* [Instructions to follow]: Each of the entries should be output exactly, with nothing left out.

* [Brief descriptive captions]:
[Start of Attachment]
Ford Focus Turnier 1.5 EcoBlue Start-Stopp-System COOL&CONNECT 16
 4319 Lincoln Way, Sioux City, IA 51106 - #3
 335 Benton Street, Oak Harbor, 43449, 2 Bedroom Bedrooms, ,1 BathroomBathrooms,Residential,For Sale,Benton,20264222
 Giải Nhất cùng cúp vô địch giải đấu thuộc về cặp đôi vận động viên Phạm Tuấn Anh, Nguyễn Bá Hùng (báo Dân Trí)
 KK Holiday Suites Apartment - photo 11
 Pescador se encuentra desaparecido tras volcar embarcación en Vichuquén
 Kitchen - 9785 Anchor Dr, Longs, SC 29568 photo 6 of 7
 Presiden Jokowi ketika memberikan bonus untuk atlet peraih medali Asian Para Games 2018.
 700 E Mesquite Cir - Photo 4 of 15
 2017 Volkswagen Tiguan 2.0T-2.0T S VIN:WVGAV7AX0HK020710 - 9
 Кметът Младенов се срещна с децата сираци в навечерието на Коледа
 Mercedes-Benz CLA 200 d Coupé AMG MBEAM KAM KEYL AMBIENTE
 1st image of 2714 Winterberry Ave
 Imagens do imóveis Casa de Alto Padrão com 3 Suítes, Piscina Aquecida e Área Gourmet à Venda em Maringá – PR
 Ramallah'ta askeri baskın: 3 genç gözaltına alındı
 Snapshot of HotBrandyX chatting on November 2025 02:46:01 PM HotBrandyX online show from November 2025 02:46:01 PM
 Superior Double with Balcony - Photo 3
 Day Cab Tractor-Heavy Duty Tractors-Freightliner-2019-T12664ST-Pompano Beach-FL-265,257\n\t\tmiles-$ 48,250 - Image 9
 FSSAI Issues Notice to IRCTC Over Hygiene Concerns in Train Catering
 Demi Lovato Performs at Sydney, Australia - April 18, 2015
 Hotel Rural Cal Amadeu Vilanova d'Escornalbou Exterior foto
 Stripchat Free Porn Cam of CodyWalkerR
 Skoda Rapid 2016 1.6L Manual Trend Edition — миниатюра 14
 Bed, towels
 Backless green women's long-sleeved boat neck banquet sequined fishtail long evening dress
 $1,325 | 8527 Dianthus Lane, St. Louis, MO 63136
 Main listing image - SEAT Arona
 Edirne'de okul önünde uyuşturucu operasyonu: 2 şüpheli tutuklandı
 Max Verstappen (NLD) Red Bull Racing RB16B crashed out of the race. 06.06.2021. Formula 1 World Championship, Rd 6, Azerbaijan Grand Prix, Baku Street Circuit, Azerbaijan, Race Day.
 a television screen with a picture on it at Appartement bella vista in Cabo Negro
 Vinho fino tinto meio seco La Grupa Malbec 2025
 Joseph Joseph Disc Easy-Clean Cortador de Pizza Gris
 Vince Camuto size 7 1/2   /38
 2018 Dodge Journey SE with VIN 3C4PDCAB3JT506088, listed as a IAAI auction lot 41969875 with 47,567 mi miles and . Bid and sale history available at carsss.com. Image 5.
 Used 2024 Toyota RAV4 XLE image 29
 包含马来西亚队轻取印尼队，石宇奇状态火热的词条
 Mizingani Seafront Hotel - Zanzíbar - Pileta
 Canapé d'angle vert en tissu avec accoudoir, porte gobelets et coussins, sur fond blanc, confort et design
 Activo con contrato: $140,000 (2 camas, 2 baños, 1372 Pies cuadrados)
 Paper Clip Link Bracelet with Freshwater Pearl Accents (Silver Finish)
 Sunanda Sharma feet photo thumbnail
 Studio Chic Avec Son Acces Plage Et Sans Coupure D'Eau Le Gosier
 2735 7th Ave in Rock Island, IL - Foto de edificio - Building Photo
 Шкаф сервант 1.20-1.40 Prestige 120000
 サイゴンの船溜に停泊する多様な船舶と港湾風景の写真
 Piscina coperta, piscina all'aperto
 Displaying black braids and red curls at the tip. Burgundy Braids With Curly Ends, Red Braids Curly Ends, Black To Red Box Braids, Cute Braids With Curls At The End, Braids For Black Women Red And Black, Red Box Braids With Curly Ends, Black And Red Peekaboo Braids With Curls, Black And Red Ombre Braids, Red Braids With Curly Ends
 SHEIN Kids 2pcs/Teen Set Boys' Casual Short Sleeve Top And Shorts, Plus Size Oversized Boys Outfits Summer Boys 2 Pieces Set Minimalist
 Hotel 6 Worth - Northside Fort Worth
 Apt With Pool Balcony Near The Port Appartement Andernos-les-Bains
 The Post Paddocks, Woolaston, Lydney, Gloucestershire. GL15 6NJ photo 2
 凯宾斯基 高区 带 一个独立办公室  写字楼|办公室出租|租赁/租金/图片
[End of Attachment]
* [Worked solution]:
Ford Focus Turnier 1.5 EcoBlue Start-Stopp-System COOL&CONNECT 16
 4319 Lincoln Way, Sioux City, IA 51106 - #3
 335 Benton Street, Oak Harbor, 43449, 2 Bedroom Bedrooms, ,1 BathroomBathrooms,Residential,For Sale,Benton,20264222
 Giải Nhất cùng cúp vô địch giải đấu thuộc về cặp đôi vận động viên Phạm Tuấn Anh, Nguyễn Bá Hùng (báo Dân Trí)
 KK Holiday Suites Apartment - photo 11
 Pescador se encuentra desaparecido tras volcar embarcación en Vichuquén
 Kitchen - 9785 Anchor Dr, Longs, SC 29568 photo 6 of 7
 Presiden Jokowi ketika memberikan bonus untuk atlet peraih medali Asian Para Games 2018.
 700 E Mesquite Cir - Photo 4 of 15
 2017 Volkswagen Tiguan 2.0T-2.0T S VIN:WVGAV7AX0HK020710 - 9
 Кметът Младенов се срещна с децата сираци в навечерието на Коледа
 Mercedes-Benz CLA 200 d Coupé AMG MBEAM KAM KEYL AMBIENTE
 1st image of 2714 Winterberry Ave
 Imagens do imóveis Casa de Alto Padrão com 3 Suítes, Piscina Aquecida e Área Gourmet à Venda em Maringá – PR
 Ramallah'ta askeri baskın: 3 genç gözaltına alındı
 Snapshot of HotBrandyX chatting on November 2025 02:46:01 PM HotBrandyX online show from November 2025 02:46:01 PM
 Superior Double with Balcony - Photo 3
 Day Cab Tractor-Heavy Duty Tractors-Freightliner-2019-T12664ST-Pompano Beach-FL-265,257\n\t\tmiles-$ 48,250 - Image 9
 FSSAI Issues Notice to IRCTC Over Hygiene Concerns in Train Catering
 Demi Lovato Performs at Sydney, Australia - April 18, 2015
 Hotel Rural Cal Amadeu Vilanova d'Escornalbou Exterior foto
 Stripchat Free Porn Cam of CodyWalkerR
 Skoda Rapid 2016 1.6L Manual Trend Edition — миниатюра 14
 Bed, towels
 Backless green women's long-sleeved boat neck banquet sequined fishtail long evening dress
 $1,325 | 8527 Dianthus Lane, St. Louis, MO 63136
 Main listing image - SEAT Arona
 Edirne'de okul önünde uyuşturucu operasyonu: 2 şüpheli tutuklandı
 Max Verstappen (NLD) Red Bull Racing RB16B crashed out of the race. 06.06.2021. Formula 1 World Championship, Rd 6, Azerbaijan Grand Prix, Baku Street Circuit, Azerbaijan, Race Day.
 a television screen with a picture on it at Appartement bella vista in Cabo Negro
 Vinho fino tinto meio seco La Grupa Malbec 2025
 Joseph Joseph Disc Easy-Clean Cortador de Pizza Gris
 Vince Camuto size 7 1/2   /38
 2018 Dodge Journey SE with VIN 3C4PDCAB3JT506088, listed as a IAAI auction lot 41969875 with 47,567 mi miles and . Bid and sale history available at carsss.com. Image 5.
 Used 2024 Toyota RAV4 XLE image 29
 包含马来西亚队轻取印尼队，石宇奇状态火热的词条
 Mizingani Seafront Hotel - Zanzíbar - Pileta
 Canapé d'angle vert en tissu avec accoudoir, porte gobelets et coussins, sur fond blanc, confort et design
 Activo con contrato: $140,000 (2 camas, 2 baños, 1372 Pies cuadrados)
 Paper Clip Link Bracelet with Freshwater Pearl Accents (Silver Finish)
 Sunanda Sharma feet photo thumbnail
 Studio Chic Avec Son Acces Plage Et Sans Coupure D'Eau Le Gosier
 2735 7th Ave in Rock Island, IL - Foto de edificio - Building Photo
 Шкаф сервант 1.20-1.40 Prestige 120000
 サイゴンの船溜に停泊する多様な船舶と港湾風景の写真
 Piscina coperta, piscina all'aperto
 Displaying black braids and red curls at the tip. Burgundy Braids With Curly Ends, Red Braids Curly Ends, Black To Red Box Braids, Cute Braids With Curls At The End, Braids For Black Women Red And Black, Red Box Braids With Curly Ends, Black And Red Peekaboo Braids With Curls, Black And Red Ombre Braids, Red Braids With Curly Ends
 SHEIN Kids 2pcs/Teen Set Boys' Casual Short Sleeve Top And Shorts, Plus Size Oversized Boys Outfits Summer Boys 2 Pieces Set Minimalist
 Hotel 6 Worth - Northside Fort Worth
 Apt With Pool Balcony Near The Port Appartement Andernos-les-Bains
 The Post Paddocks, Woolaston, Lydney, Gloucestershire. GL15 6NJ photo 2
 凯宾斯基 高区 带 一个独立办公室  写字楼|办公室出租|租赁/租金/图片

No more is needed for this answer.